DIRECTIONS: Your answer must be the lines from the one containing "Paar zeshoekige Chinese" through the last line below, copied exactly, with no pictures.

MATERIAL SHOWN:
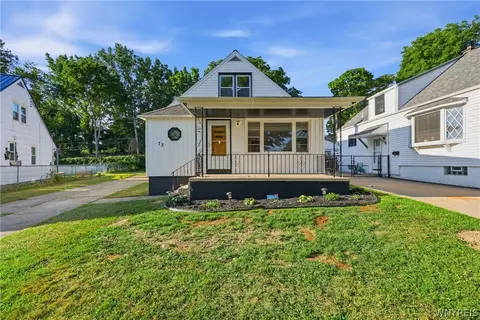 73 Susan Ln, Buffalo, NY 14220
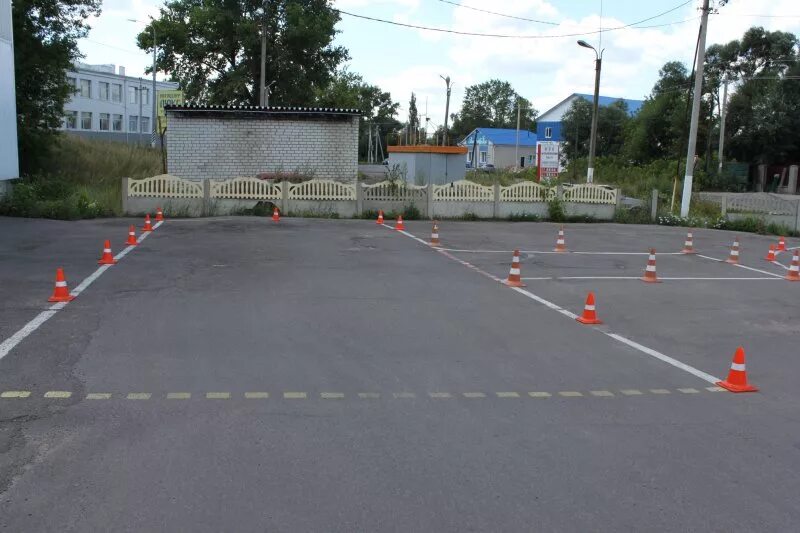 автодром в гибдд краснодар лизы чайкиной. обручева 3 автодром воронеж. площадка автодром. змейка автодром 2020. площадка автодром.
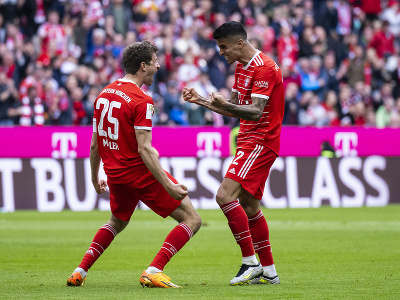 Thomas Müller a Joao Cancelo sa tešia z gólu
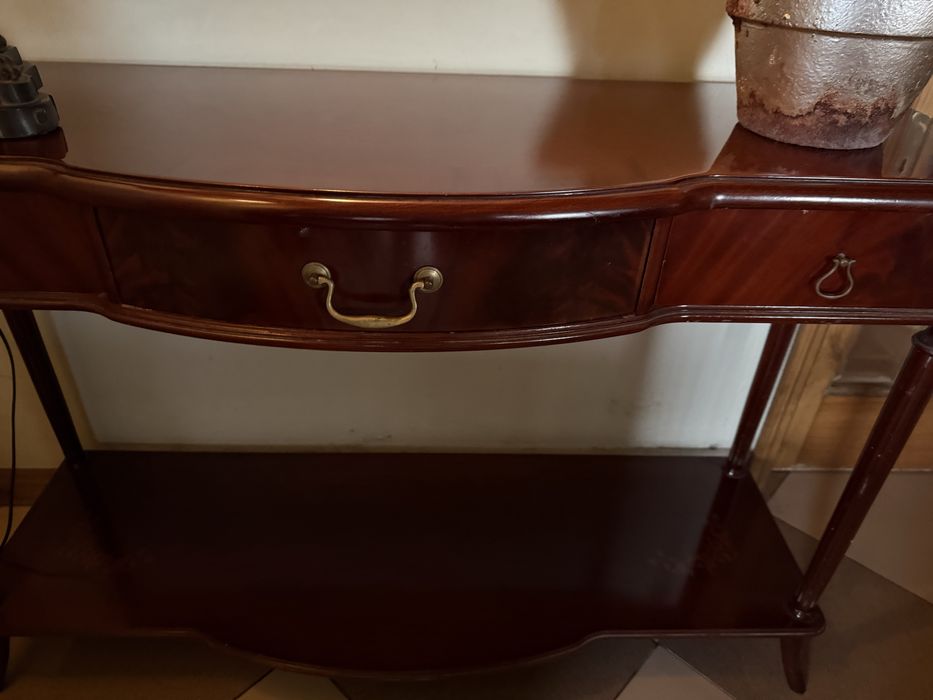 Consola com 3 gavetas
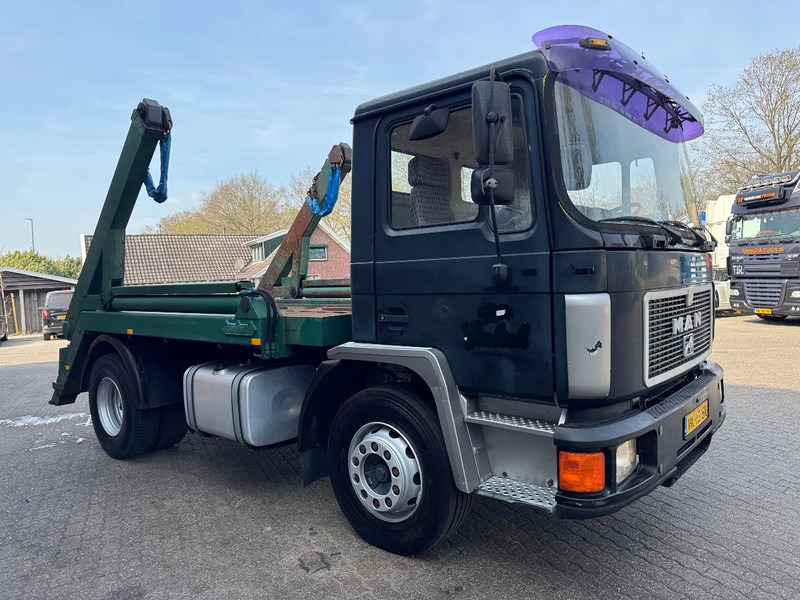 MAN 12.232 F 4X2 Portaalarm 454.090KM NL Truck, Top conditie! - Liftdumper lastebil: bilde 4 MAN 12.232 F 4X2 Portaalarm 454.090KM NL Truck, Top conditie! - Liftdumper lastebil: bilde 4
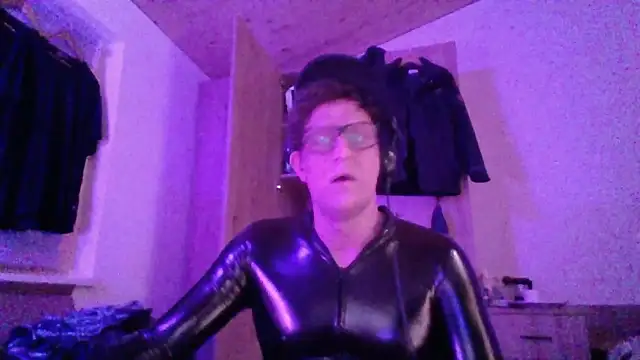 Bigthroaterboy online show from November 2, 2025, 4:09 pm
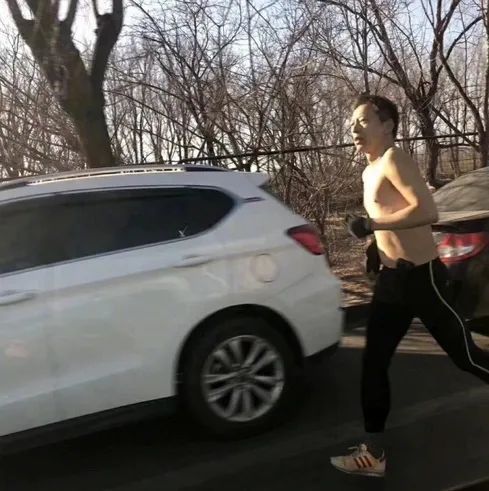 搜狐|他竟然沦落到跟网红抢饭吃？！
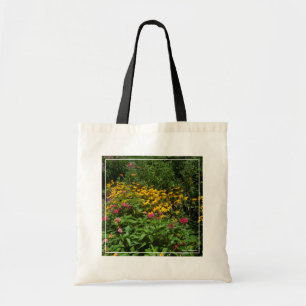 Lush Green Garden Tragetasche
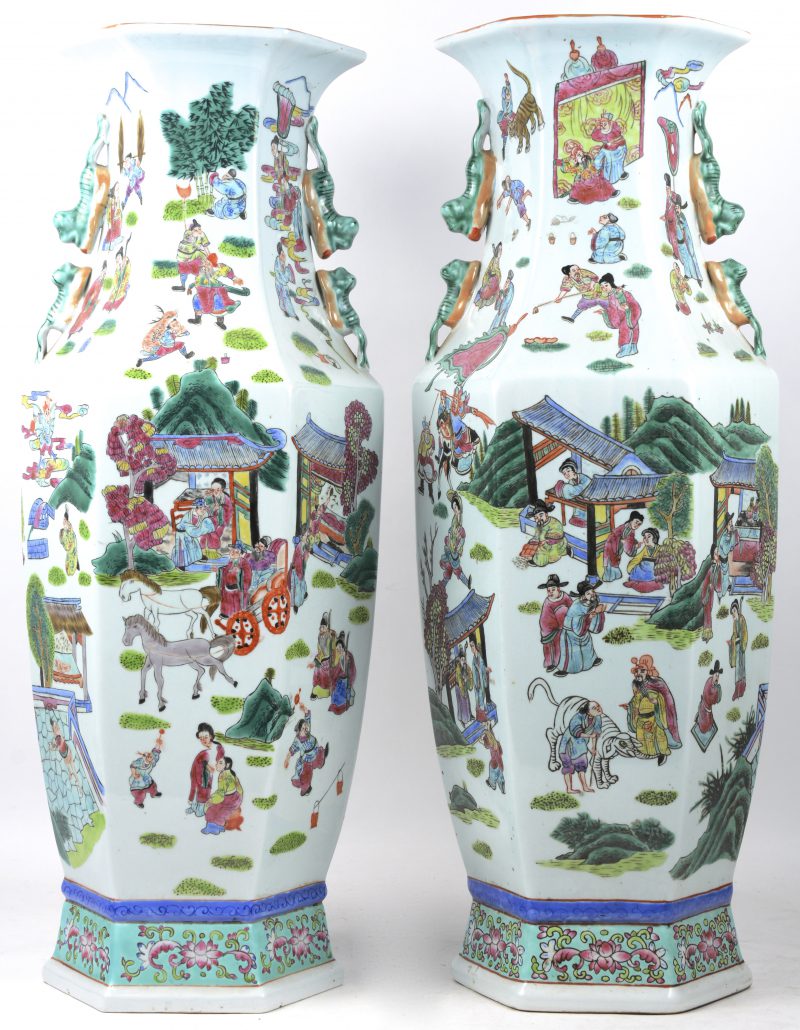Paar zeshoekige Chinese vazen met een meerkleurig decor van personages.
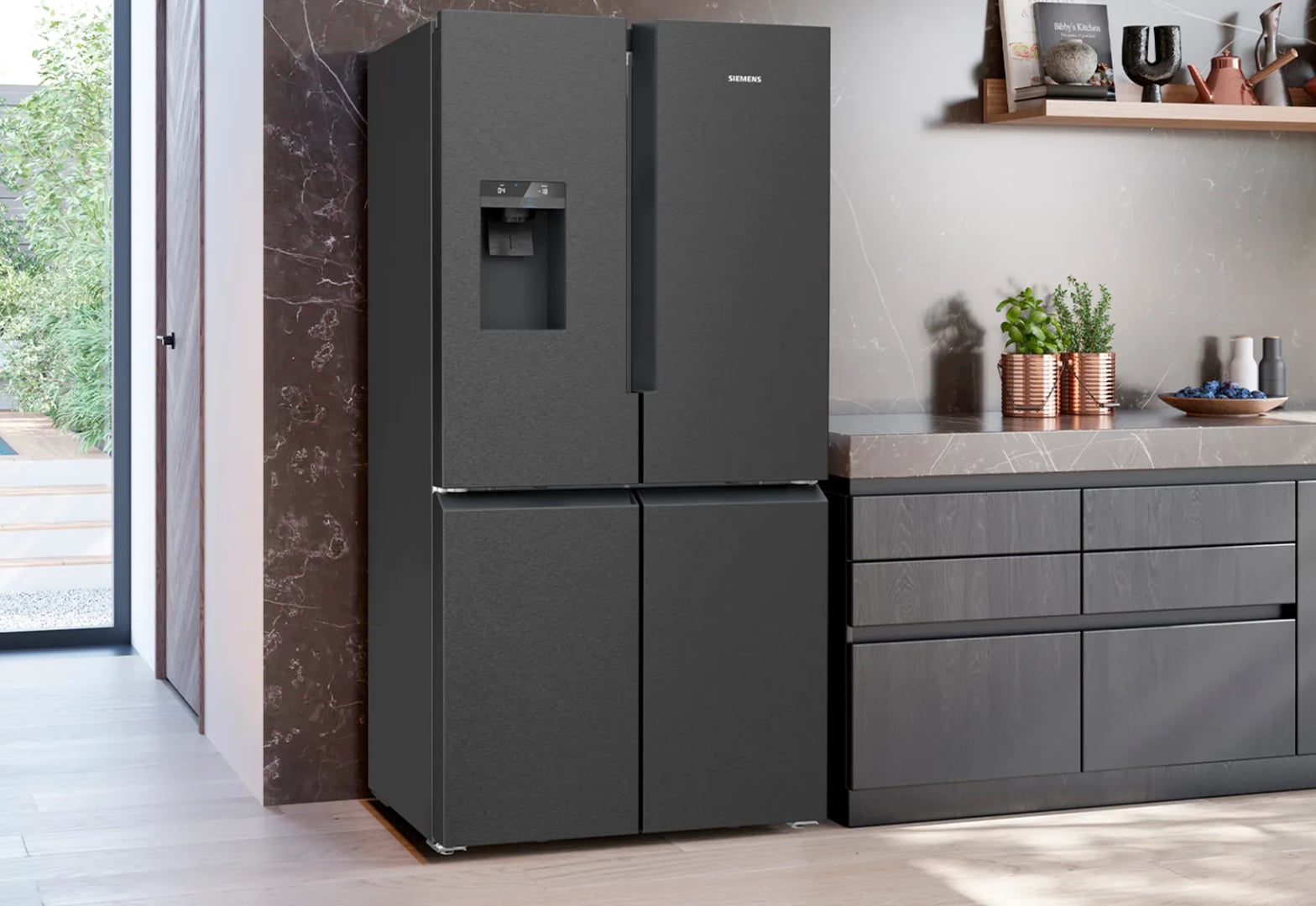 Réfrigérateur Siemens multi-portes noir avec distributeur d'eau en cuisine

ANSWER TO THE PROBLEM:
Paar zeshoekige Chinese vazen met een meerkleurig decor van personages.
 Réfrigérateur Siemens multi-portes noir avec distributeur d'eau en cuisine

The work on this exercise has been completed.